Lord Acton: Die bleibende Aktualität seines Werks

9.5.2012 – von Alexander Dörrbecker (Herausgeber von „Geschichte und Freiheit, ein Lord Acton Brevier“ – Verlag Neue Zürcher Zeitung, 2010)

Lord Acton (1834-1902) – ein Privatgelehrter und Historiker des 19. Jahrhunderts – war zugleich Vordenker für die Freiheit und akribischer Forscher nach historischen Wahrheiten. Was bedeutet er für uns heute? Ist er nicht längst ein vergessener, vom Wandel der Zeit verschlungener Historiker? Wurden seine Schriften nicht längst durch neuere Aussagen und Feststellungen überholt?

Lord Acton - Foto: Mises-Institute

Richtig ist, dass das 20. Jahrhundert viele neue Entwicklungen gebracht hat. Auch die historische Forschung und die politischen Verhältnisse haben sich stark verändert. Trotz einiger aus liberaler Sicht sicherlich zu bedauernden neuer politischen Strömungen haben sich im 20. Jahrhundert durchaus auch viele Vordenker für die Freiheit hervorgetan. Ludwig von Mises und Friedrich August von Hayek sind Beispiele für solche Denker. Gerade im Falle Hayeks sehen wir jedoch, dass er viele Überlegungen Lord Actons aufgreift und sogar ausdrücklich auf ihn verweist. Allein in seinem Hauptwerk „Die Verfassung der Freiheit“ aus dem Jahre 1960 finden wir circa 20 Zitate oder ausdrückliche Hinweise auf Acton. Wurden also liberale Ideen im 20. Jahrhundert durch ausgezeichnete Interpreten der liberalen Schule immer wieder neu formuliert und weiter entwickelt, besitzen dennoch Actons Schriften für uns heute weiterhin grosse Aktualität. Es ist geradezu frappierend, festzustellen, dass Acton Zusammenhänge darstellt, deren Entdeckung wir erst unserer Zeit zuschreiben. Die Erkenntnisse über die Entwicklung der Freiheit, die Lord Acton bereits im 19. Jahrhundert angesammelt hat, scheinen teilweise schon wieder verloren.
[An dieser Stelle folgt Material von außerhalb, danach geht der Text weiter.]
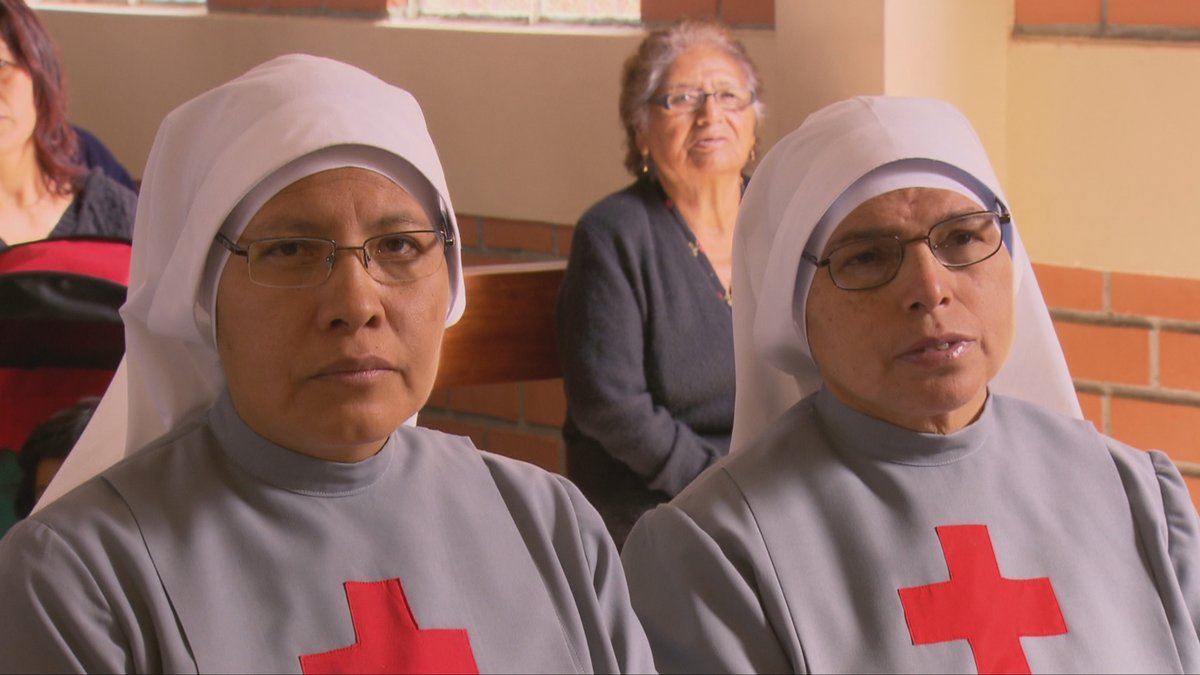 Pueblo de Dios TVE tweet media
Actons Entdeckung der ersten Keime der Freiheit im Israel des alten Testaments und in der Antike und ihre Fortentwicklung über die Jahrhunderte ist sehr eindrucksvoll und nach wie vor aktuell. Denn Geschichtsschreibung wird auch heute massgeblich aus einer der Freiheit wenig zugeneigten Richtung betrieben. Nicht umsonst beschrieb sich Lord Acton selbst häufig als „Anhänger sinkender Schiffe“. Wie damals lässt auch die heutige Geschichtsschreibung mangels entsprechender Schwerpunktsetzung den Aspekt der Freiheitsentstehung aussen vor. Häufig wird nur die heutige Zeit als frei beschrieben und die Vergangenheit gilt als unfreie graue Vorzeit. Diese Tendenz lässt sich besonders gut am Beispiel des Mittelalters festmachen. Acton sah in ihm eine Hochphase für die Entfaltung individueller Kräfte und keinesfalls ein dunkles Zeitalter.
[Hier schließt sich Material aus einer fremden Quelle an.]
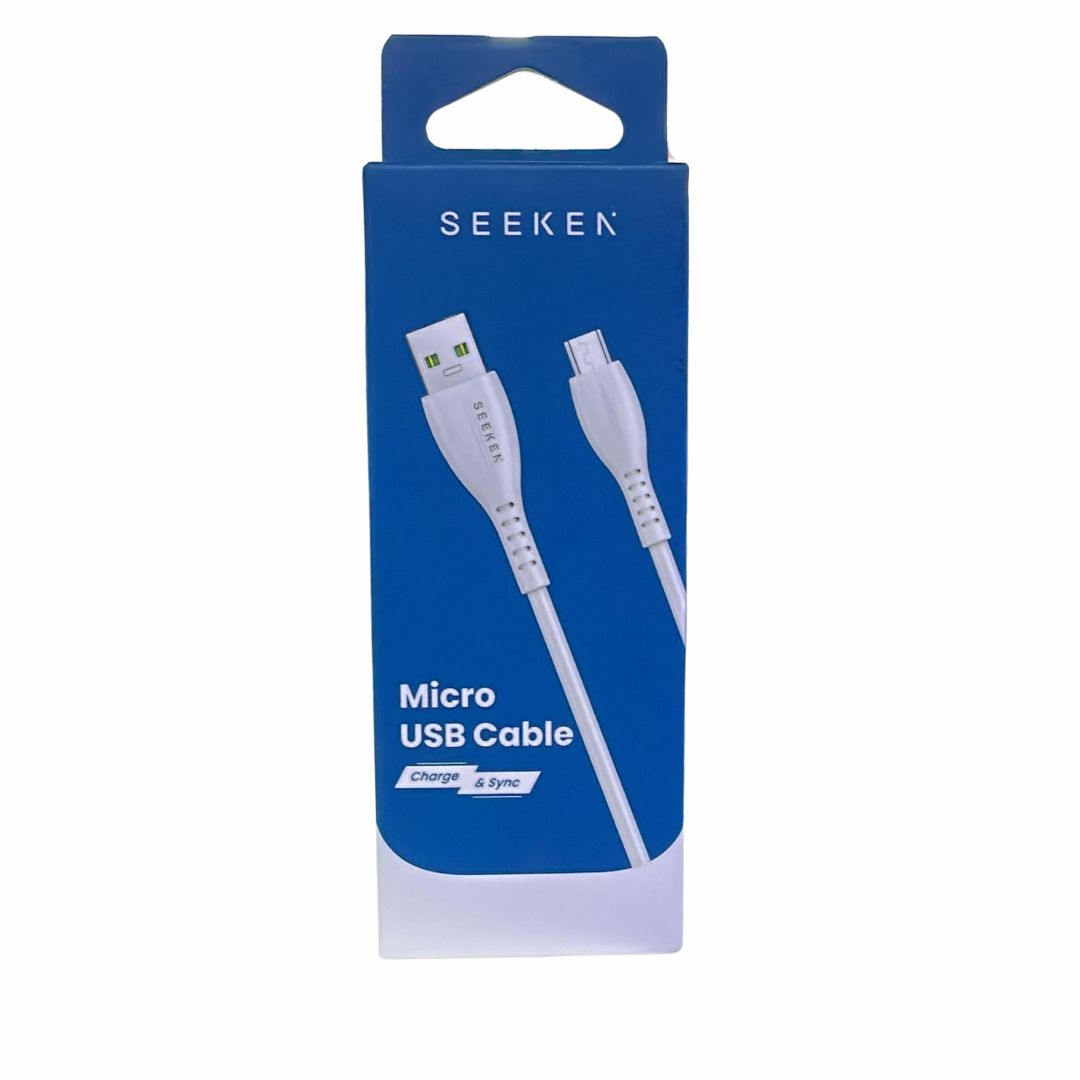 SEEKEN SC-1005 USB TO MICRO CABLE 1M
Es ist äusserst bedauerlich, dass Acton seine geplante grosse „Geschichte der Freiheit“ nie verwirklicht hat. Aber nur schon aus seinen fragmentarischen Schriften lässt sich bereits vieles ableiten. Überlegungen, die auch heute aktueller nicht sein können.
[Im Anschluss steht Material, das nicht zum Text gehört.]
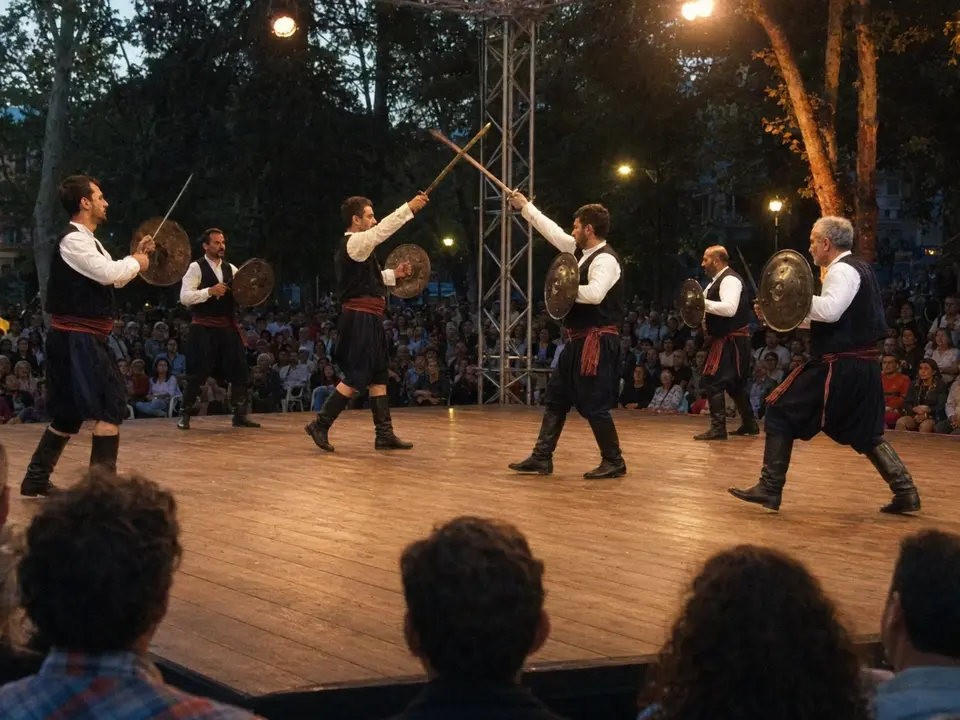 Alperen Kılıç Kalkan Ekibi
Argwohn gegenüber der Macht

Acton sah die Macht als den entscheidenden Faktor an, der die Freiheit der Menschen gefährden kann. Freiheit und damit Liberalismus bestand nach Acton nur zu jenen Zeiten, in denen niemand absolute Macht ausüben konnte. Deshalb prägte er den Grundsatz, „Sei gegenüber der Macht argwöhnischer als gegenüber dem Laster“. Sein Ausspruch „Macht zielt darauf ab zu korrumpieren und absolute Macht korrumpiert vollständig“ ist gar berühmt geworden. Und dies nicht umsonst. Denn nach Acton kann sich Freiheit nur dort entwickeln, wo es mehrere widerstreitende Machtfaktoren gibt. Machtbeschränkung ist daher für ihn ein wesentliches Element, um einer schleichenden Freiheitseinschränkung entgegenzuwirken. Deshalb gibt er die Empfehlung: „Zerstöre niemals eine Kraft, wenn sie nicht dominiert, sie mag dazu dienen, die Vorherrschaft [einer anderen Macht] zu kontrollieren.“ Aus der Geschichte leitet er auch ab, dass Macht eine stetige Tendenz besitzt, sich auszudehnen. Diese Beobachtung, die er auch in der modernen Welt seiner Zeit macht, lässt sich uneingeschränkt auf unsere heutige Zeit übertragen. Daraus lernen wir, dass wir stets neue Anstrengungen unternehmen müssen, Macht an einer weiteren Ausdehnung zu hindern, oder sie gar zurückzudrängen.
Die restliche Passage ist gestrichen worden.